### EXTRACTED MATERIAL
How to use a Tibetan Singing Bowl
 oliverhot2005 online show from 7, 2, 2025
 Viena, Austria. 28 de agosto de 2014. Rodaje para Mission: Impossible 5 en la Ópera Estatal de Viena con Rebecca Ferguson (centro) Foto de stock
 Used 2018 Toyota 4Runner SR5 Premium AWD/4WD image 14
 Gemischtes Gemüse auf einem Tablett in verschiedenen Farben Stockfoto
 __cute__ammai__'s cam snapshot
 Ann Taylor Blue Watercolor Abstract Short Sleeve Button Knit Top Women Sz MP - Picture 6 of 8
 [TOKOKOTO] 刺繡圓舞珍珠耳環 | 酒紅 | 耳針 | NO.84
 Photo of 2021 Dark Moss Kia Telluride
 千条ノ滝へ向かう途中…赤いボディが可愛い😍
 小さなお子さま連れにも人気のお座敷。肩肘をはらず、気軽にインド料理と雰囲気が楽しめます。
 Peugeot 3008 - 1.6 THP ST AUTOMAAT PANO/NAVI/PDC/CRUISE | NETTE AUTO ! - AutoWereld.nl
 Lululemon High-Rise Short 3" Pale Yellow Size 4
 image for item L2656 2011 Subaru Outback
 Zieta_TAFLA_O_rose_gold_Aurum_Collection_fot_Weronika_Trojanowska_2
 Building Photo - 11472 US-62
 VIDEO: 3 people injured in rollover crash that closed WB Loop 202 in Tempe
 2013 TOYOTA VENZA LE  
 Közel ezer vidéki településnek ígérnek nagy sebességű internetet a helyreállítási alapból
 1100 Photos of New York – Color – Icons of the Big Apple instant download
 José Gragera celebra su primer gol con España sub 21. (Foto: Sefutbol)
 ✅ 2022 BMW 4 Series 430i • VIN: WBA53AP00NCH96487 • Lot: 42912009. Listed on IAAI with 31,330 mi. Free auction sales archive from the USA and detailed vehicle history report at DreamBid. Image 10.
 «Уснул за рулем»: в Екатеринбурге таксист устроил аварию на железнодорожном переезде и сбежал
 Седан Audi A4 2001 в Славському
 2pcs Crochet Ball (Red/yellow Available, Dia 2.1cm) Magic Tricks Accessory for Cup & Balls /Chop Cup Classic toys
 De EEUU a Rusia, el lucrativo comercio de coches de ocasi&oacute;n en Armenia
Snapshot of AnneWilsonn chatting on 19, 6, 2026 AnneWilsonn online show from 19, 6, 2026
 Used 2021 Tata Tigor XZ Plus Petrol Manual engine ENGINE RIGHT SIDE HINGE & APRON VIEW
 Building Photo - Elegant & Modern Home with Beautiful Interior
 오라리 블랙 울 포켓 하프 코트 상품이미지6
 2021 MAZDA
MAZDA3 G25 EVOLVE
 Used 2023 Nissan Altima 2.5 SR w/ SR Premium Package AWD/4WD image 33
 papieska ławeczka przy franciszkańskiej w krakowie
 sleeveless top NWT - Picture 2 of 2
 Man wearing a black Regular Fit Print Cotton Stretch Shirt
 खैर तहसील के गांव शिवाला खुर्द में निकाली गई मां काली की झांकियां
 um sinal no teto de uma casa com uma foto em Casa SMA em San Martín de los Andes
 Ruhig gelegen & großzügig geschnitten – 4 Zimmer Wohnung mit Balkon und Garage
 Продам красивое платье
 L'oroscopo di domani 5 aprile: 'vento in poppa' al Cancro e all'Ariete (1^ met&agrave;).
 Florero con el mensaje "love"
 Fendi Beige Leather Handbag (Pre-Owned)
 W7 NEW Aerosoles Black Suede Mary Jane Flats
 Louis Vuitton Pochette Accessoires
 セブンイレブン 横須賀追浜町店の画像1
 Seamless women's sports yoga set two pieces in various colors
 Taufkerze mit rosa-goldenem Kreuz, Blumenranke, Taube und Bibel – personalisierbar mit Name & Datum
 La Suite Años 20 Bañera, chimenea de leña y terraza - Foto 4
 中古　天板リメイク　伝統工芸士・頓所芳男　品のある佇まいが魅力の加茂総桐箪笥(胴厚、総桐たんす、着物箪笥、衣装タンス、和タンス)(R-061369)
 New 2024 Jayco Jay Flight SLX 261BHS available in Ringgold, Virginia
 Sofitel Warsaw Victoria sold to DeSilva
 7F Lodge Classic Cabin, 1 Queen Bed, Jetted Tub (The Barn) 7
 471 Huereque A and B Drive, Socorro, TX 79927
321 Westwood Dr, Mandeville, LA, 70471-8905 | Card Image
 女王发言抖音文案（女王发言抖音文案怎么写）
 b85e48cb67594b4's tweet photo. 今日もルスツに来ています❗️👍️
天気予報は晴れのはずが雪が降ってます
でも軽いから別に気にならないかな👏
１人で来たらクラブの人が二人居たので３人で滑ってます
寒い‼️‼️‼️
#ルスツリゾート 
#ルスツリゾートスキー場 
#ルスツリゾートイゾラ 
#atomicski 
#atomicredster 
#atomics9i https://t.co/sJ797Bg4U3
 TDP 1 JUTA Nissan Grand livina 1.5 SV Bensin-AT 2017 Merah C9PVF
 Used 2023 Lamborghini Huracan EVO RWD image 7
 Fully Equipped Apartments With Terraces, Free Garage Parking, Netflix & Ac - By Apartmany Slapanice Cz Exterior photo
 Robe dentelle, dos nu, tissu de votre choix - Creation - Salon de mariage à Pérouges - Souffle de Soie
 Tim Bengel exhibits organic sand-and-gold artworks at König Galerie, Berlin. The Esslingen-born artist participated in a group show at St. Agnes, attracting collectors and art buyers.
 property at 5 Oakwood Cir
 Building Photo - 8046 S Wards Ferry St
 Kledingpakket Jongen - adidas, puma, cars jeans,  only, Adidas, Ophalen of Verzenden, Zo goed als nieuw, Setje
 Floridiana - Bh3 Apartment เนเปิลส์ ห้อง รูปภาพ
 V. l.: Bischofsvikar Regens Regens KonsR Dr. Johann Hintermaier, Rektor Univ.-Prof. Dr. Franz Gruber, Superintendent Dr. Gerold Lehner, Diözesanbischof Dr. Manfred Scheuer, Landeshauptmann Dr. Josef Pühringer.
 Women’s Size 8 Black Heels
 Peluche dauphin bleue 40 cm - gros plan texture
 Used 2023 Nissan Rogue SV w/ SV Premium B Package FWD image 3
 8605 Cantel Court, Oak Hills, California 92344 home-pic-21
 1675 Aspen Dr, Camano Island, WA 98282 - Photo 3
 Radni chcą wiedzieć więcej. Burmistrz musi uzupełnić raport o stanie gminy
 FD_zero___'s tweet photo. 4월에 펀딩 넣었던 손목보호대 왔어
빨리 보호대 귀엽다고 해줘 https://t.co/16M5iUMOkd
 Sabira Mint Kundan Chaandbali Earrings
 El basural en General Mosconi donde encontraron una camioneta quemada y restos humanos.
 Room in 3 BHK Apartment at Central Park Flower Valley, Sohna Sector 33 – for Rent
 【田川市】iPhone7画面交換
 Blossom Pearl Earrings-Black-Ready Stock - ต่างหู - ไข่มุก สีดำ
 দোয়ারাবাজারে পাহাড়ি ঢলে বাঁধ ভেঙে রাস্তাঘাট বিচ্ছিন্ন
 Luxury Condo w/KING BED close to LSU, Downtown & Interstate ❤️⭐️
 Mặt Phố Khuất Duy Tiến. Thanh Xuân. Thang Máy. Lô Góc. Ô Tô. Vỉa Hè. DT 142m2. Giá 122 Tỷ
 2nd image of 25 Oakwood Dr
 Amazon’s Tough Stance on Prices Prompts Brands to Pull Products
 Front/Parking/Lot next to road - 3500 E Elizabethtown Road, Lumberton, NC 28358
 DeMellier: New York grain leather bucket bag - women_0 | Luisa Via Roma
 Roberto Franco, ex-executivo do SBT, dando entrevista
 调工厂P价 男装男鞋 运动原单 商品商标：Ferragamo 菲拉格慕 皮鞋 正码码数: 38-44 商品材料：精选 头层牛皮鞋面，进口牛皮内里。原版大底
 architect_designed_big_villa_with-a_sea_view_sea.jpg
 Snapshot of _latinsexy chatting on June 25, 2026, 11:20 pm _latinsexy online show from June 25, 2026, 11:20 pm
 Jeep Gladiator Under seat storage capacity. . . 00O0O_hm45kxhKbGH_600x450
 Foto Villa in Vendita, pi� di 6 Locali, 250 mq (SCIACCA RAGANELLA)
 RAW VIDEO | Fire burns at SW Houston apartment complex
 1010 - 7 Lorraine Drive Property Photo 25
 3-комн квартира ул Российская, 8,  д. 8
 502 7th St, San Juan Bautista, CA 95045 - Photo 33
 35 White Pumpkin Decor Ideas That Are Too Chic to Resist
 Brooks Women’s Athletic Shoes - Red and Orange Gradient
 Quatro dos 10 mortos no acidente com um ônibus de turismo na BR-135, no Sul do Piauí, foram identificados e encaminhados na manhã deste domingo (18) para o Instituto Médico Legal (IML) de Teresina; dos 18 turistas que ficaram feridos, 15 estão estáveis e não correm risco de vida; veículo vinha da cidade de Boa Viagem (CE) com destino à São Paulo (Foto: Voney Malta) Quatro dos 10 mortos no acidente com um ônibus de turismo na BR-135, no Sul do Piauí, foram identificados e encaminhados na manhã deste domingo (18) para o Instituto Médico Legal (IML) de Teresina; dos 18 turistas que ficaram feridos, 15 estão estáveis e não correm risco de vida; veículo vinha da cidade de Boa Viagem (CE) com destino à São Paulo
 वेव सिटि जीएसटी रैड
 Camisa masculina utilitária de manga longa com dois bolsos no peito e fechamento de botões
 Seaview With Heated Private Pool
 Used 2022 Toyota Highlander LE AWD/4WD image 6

### WORK REQUEST
Go through the records above, find each line with the string "Picture", and copy it.

### ANSWER SECTION
 Ann Taylor Blue Watercolor Abstract Short Sleeve Button Knit Top Women Sz MP - Picture 6 of 8
 sleeveless top NWT - Picture 2 of 2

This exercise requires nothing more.